Brock Bowers has been a star from the minute he set foot in the NFL. The Las Vegas Raiders were lucky enough to have him fall into their lap during the 2024 NFL Draft, and Tom Telesco was smart enough to select him, even though Michael Mayer was taken in Round 2 the year before.

Las Vegas has been paid back in spades for that gamble, as Bowers was a First-Team All-Pro as a rookie and quite dominant amid all of the dysfunction when healthy last season as well. He is arguably the best tight end in the entire league and will soon be paid as such.

But Bowers cannot be extended until the conclusion of his third season, which means that the Silver and Black will have to wait before locking up their star pass-catcher. And the longer they are forced to sit idly by, the more the market gets driven up by other teams and players around the league.

It happened again on Tuesday with Kyle Pitts.

Kyle Pitts' Falcons extension just made Las Vegas Raiders TE Brock Bowers even more expensive

ESPN's Adam Schefter reported that Pitts and the Atlanta Falcons agreed to terms on a contract extension. It is a three-year deal worth up to $54 million with $36 million guaranteed. Essentially, Pitts is making $18 million per year, and the first two years of the contract are guaranteed.

This makes Pitts the third-highest paid tight end in the NFL in terms of both average annual value and total contract value, just behind the Arizona Cardinals' Trey McBride and the San Francisco 49ers' George Kittle, who are making $76 million and $76.4 million over four years, respectively.

Here's the kicker, though: Bowers is way better than Pitts, and he certainly has an argument that he's better than McBride or Kittle. At least as a pass-catcher, anyway. With that in mind, the Raiders' eventual contract extension will now certainly cost more than $18 million per year.

Between his age and prowess as a blocker, McBride is really the league's only tight end who could feasibly cost more than Bowers. Kittle did barely reset the market after McBride, but Bowers should eventually shatter that $19.1 million per year number if he stays on course.

If Las Vegas was thinking that they could sneak Bowers in slightly under his value, though, the Pitts contract changes that complexion. Previously, the next-highest paid tight end in the NFL was the New York Giants' Isaiah Likely, who makes an average of $13.3 million over three years.
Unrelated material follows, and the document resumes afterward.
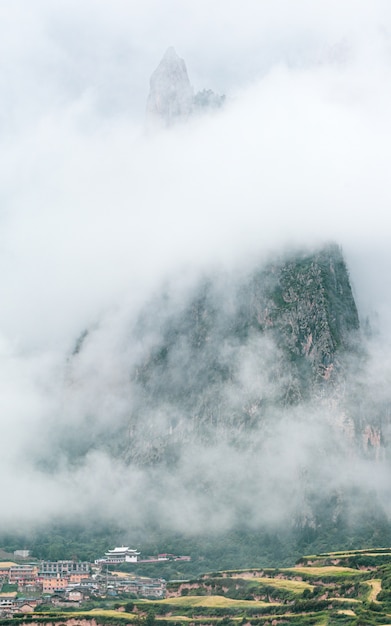 Town and a rocky mountain covered with fog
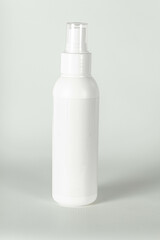 White plastic bottle for spraying on a light gray background. Vector template for advertising, cosmetic or chemical products.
Green Bay Packers stud Tucker Kraft and young Detroit Lions star Sam LaPorta are two of the league's best tight ends as well, and they are due for bigger deals at some point this season, too. How and when those deals get done, and what they look like, will also affect Bowers and the Raiders.

For now, though, the canyon between the duo of McBride and Kittle and the rest of the league has narrowed after the Pitts deal. Bowers stands to benefit from that jump, as he'll now certainly make more than $18 million per year when he eventually signs his extension if all goes well in Las Vegas.